EXERCISE DESCRIPTION: Please reproduce exactly, and only, the line containing "Tree Hugger Poster" and every line after it to the end of the records below, leaving out all pictures.

Crawled caption data
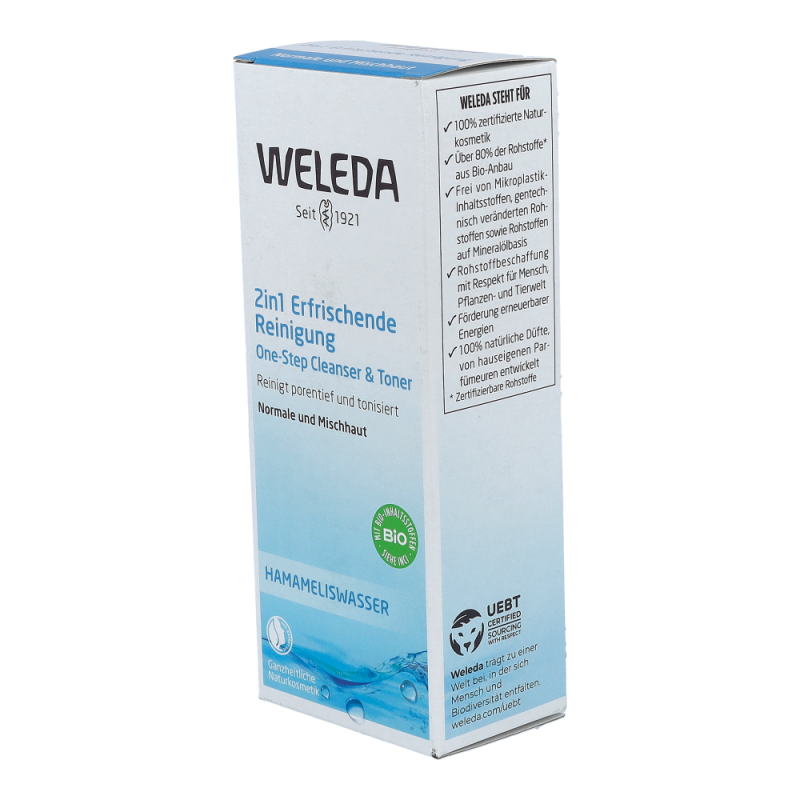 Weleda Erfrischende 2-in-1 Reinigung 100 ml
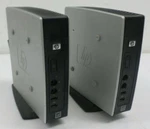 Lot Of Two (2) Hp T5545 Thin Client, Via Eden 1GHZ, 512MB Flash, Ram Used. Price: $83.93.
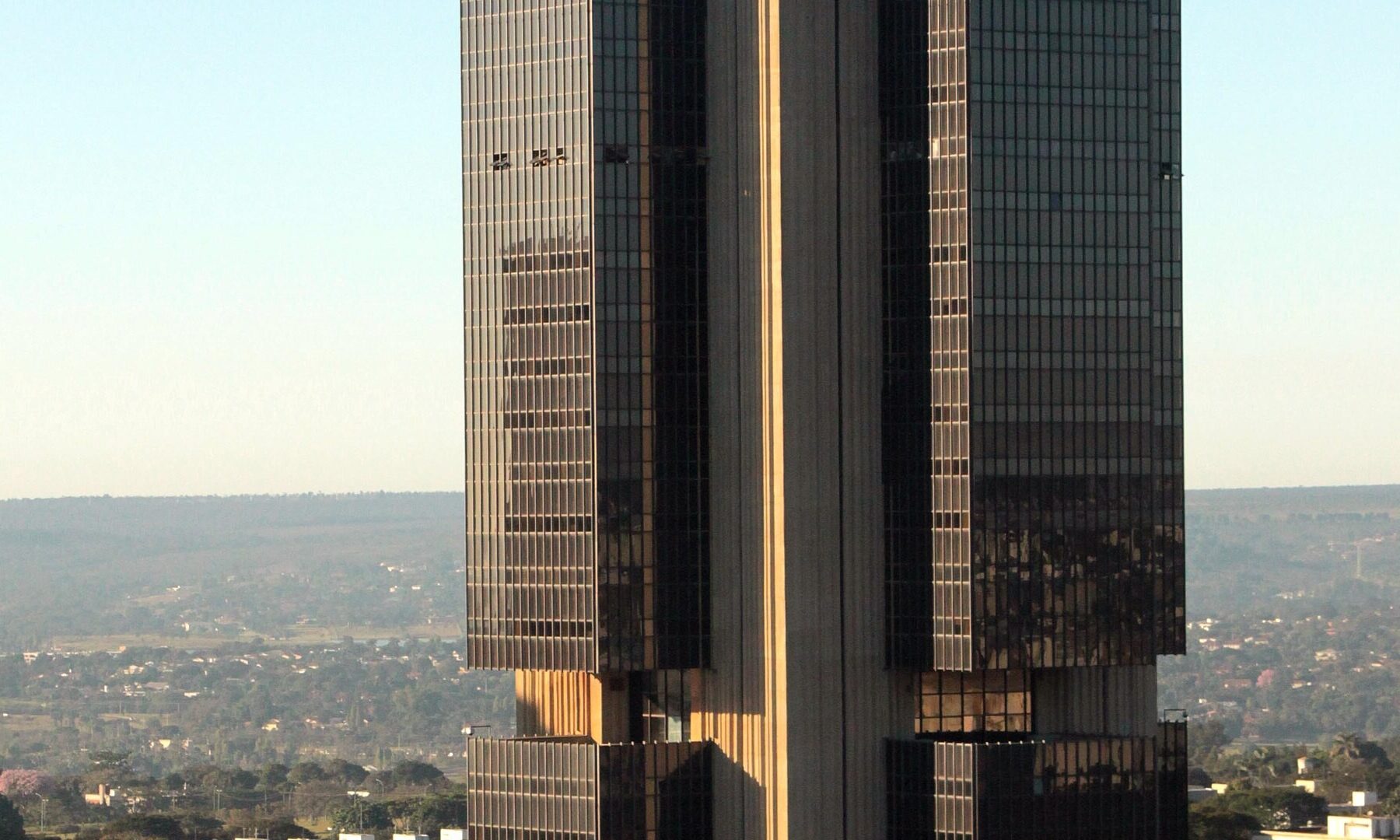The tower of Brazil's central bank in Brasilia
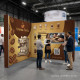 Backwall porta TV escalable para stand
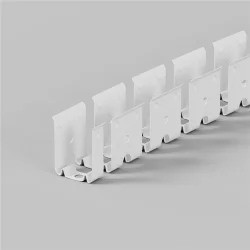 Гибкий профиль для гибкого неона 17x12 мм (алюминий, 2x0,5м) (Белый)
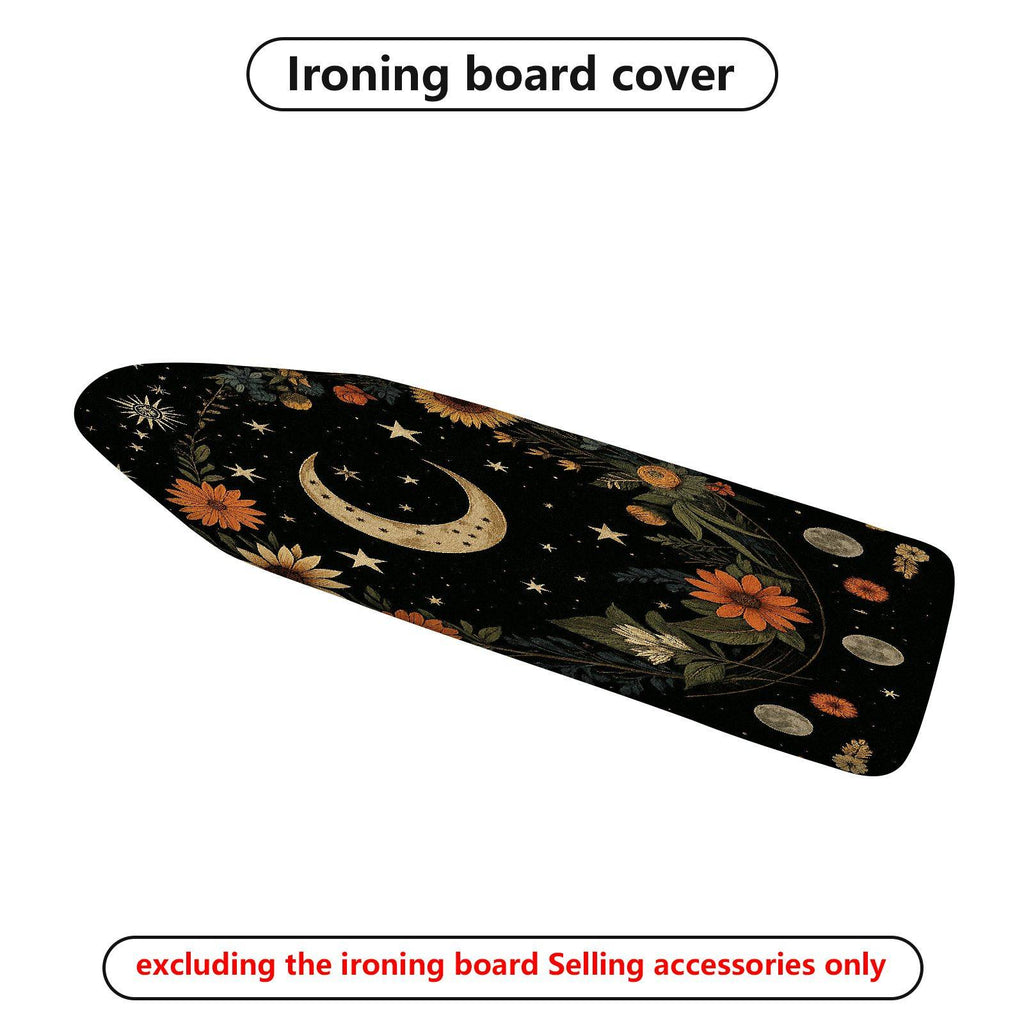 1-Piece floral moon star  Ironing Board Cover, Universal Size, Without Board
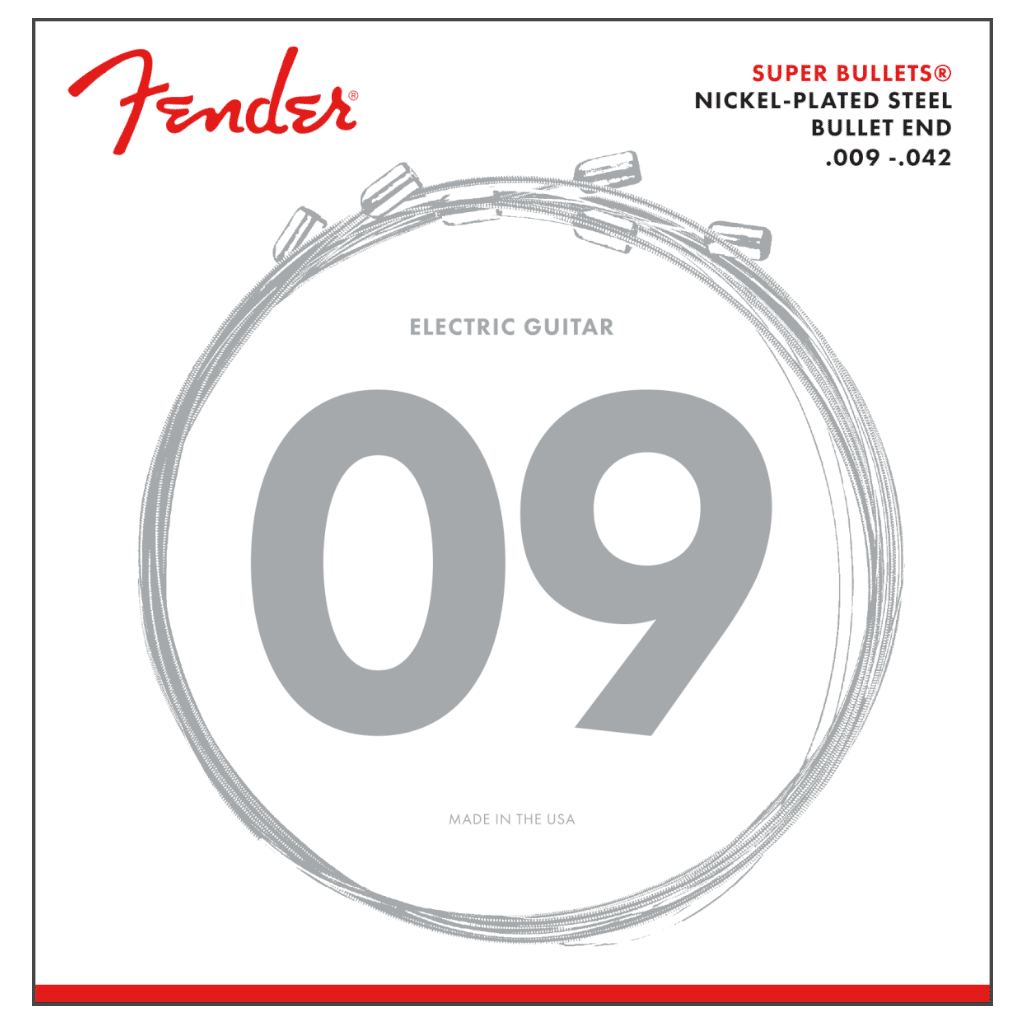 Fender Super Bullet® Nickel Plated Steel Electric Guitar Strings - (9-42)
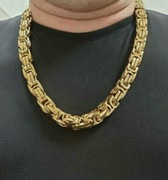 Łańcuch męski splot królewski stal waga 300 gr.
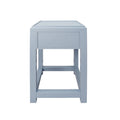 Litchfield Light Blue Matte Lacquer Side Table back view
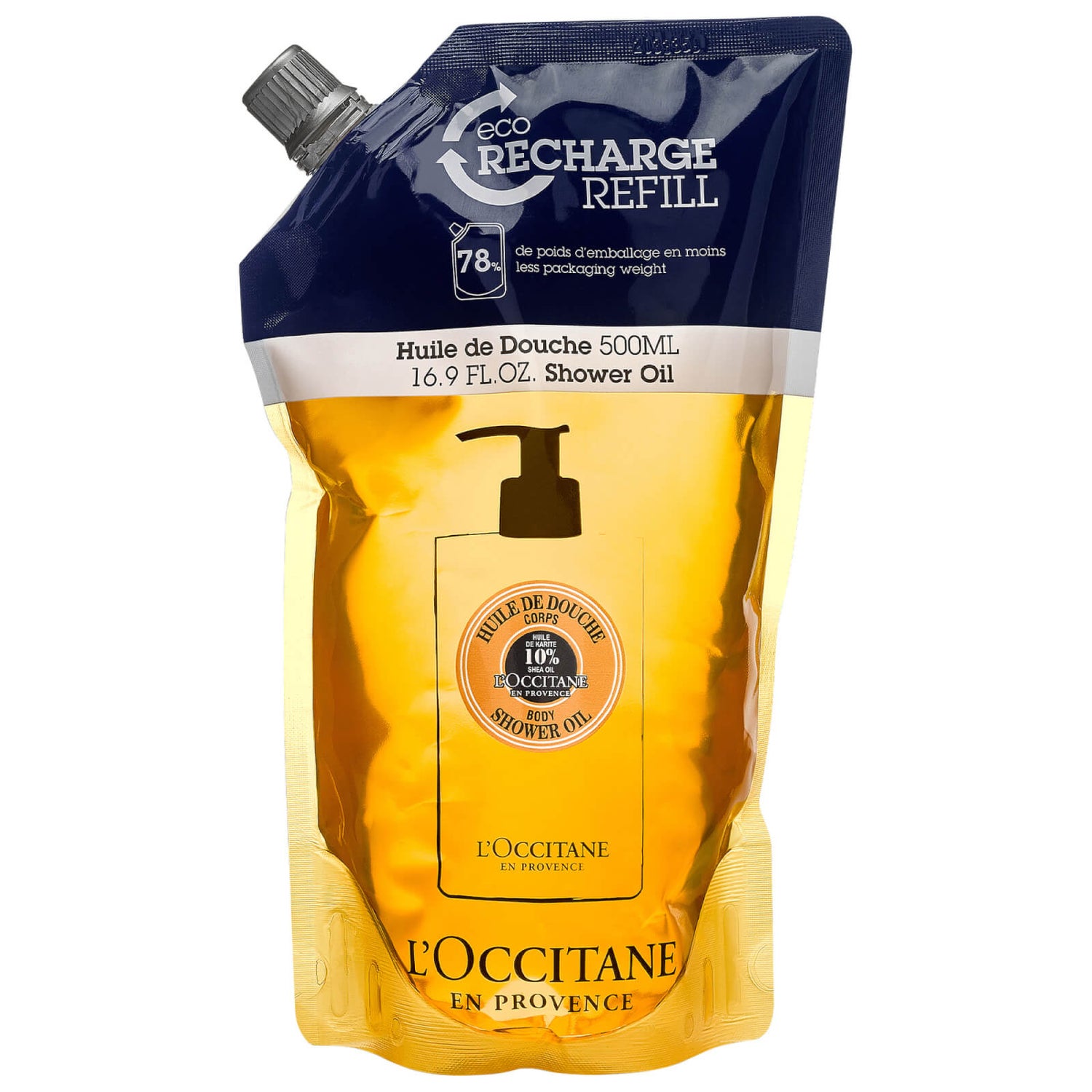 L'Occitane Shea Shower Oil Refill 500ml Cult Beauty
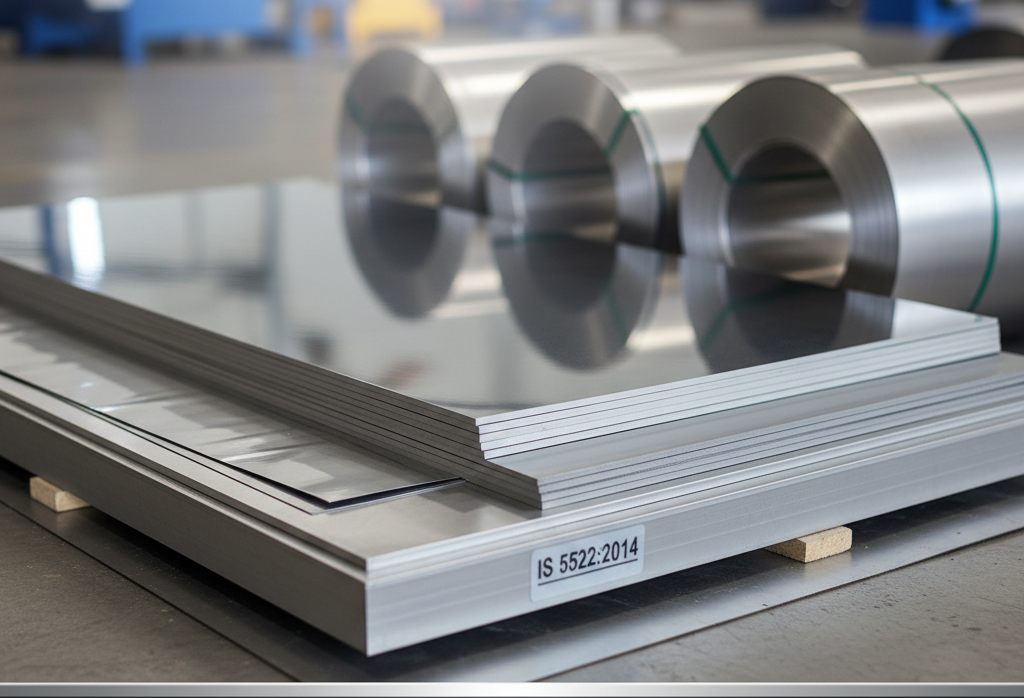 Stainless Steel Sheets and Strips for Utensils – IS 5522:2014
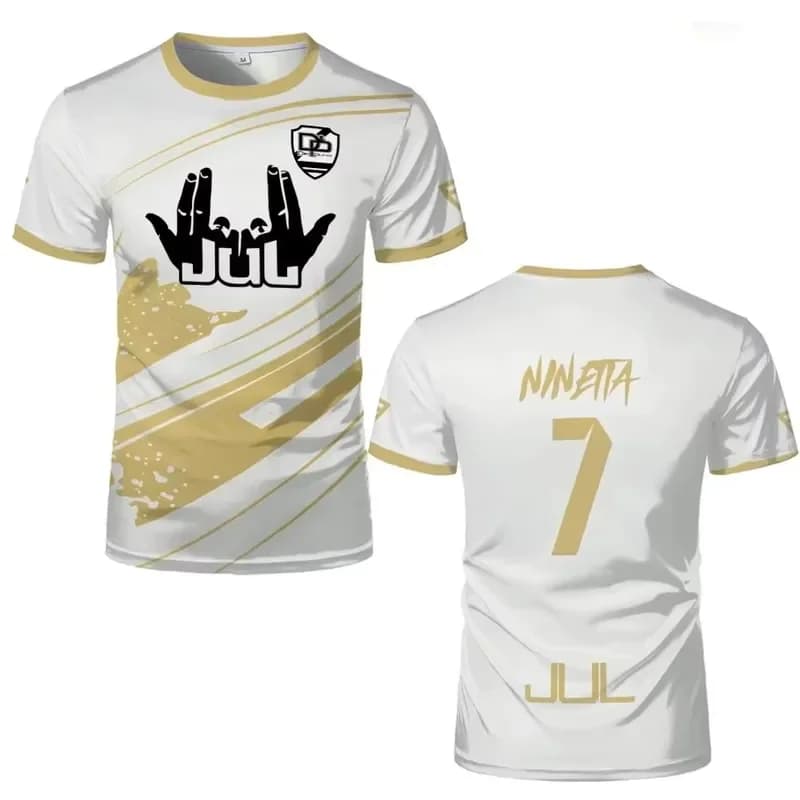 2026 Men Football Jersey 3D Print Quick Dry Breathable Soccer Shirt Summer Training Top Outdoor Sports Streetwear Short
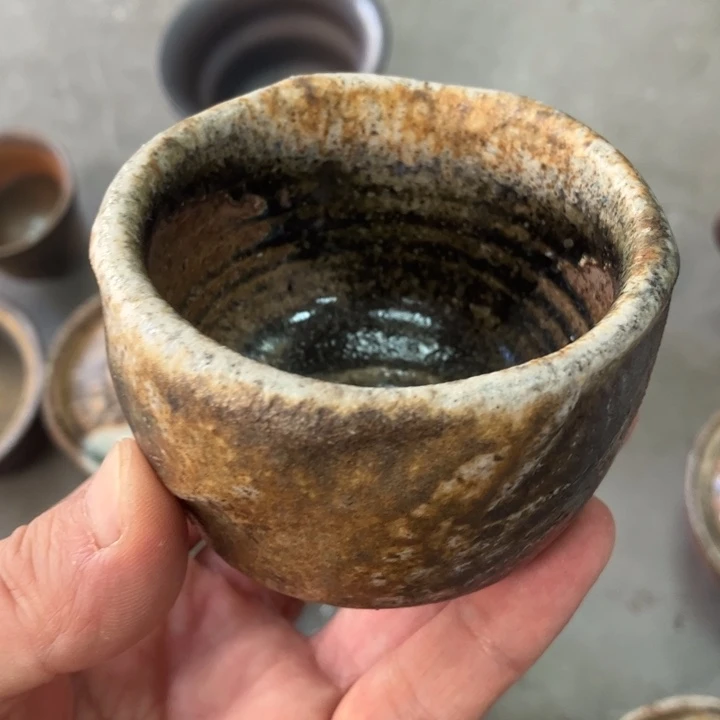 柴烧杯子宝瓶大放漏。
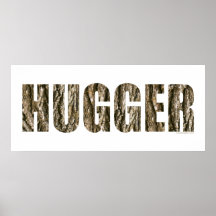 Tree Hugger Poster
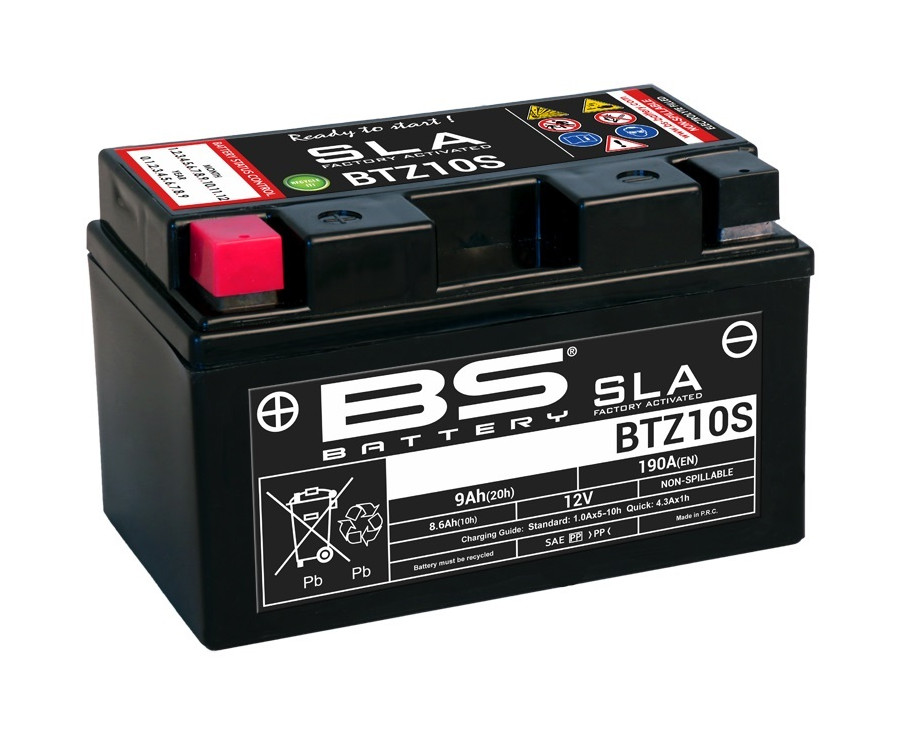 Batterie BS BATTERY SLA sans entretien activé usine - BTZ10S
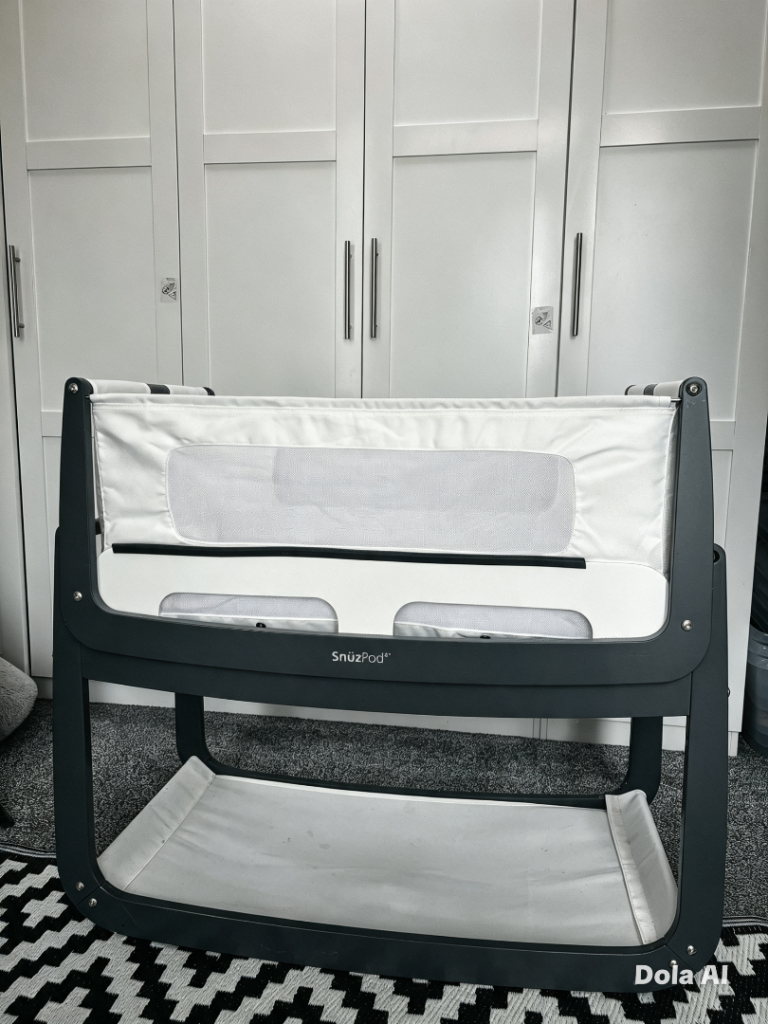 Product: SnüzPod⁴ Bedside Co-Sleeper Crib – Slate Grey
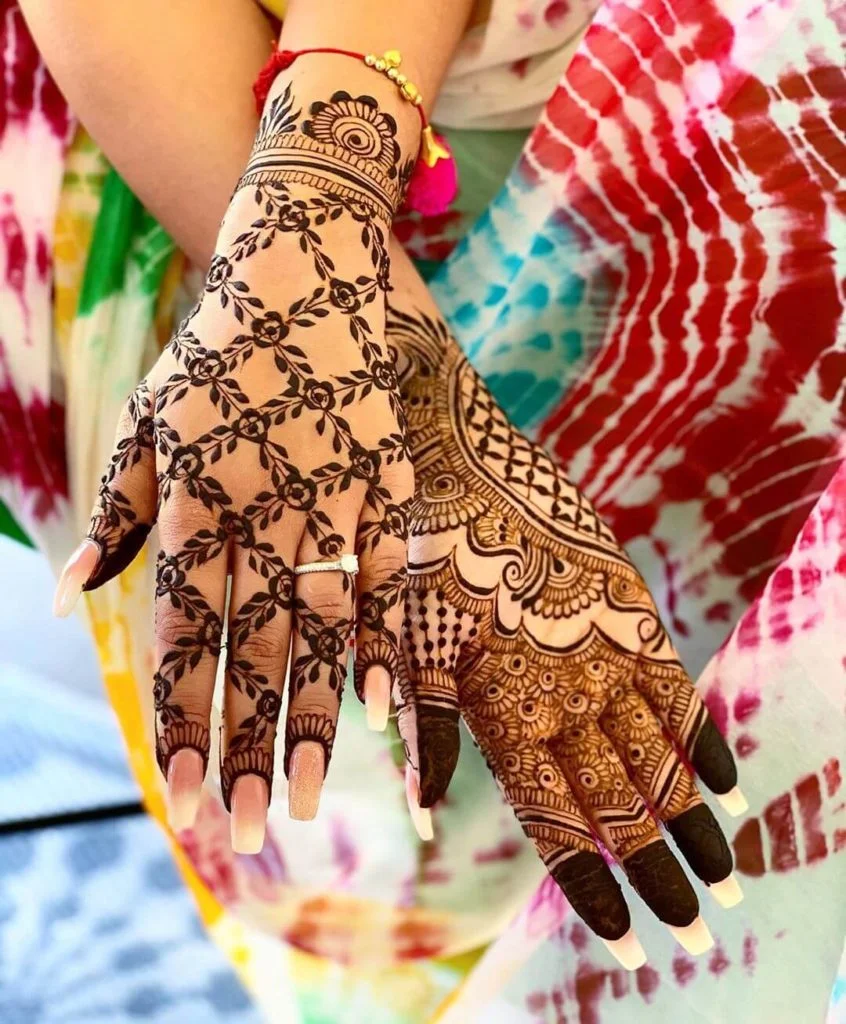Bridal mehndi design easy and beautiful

RESULT OF THE TASK:
 Tree Hugger Poster
 Batterie BS BATTERY SLA sans entretien activé usine - BTZ10S
 Product: SnüzPod⁴ Bedside Co-Sleeper Crib – Slate Grey
Bridal mehndi design easy and beautiful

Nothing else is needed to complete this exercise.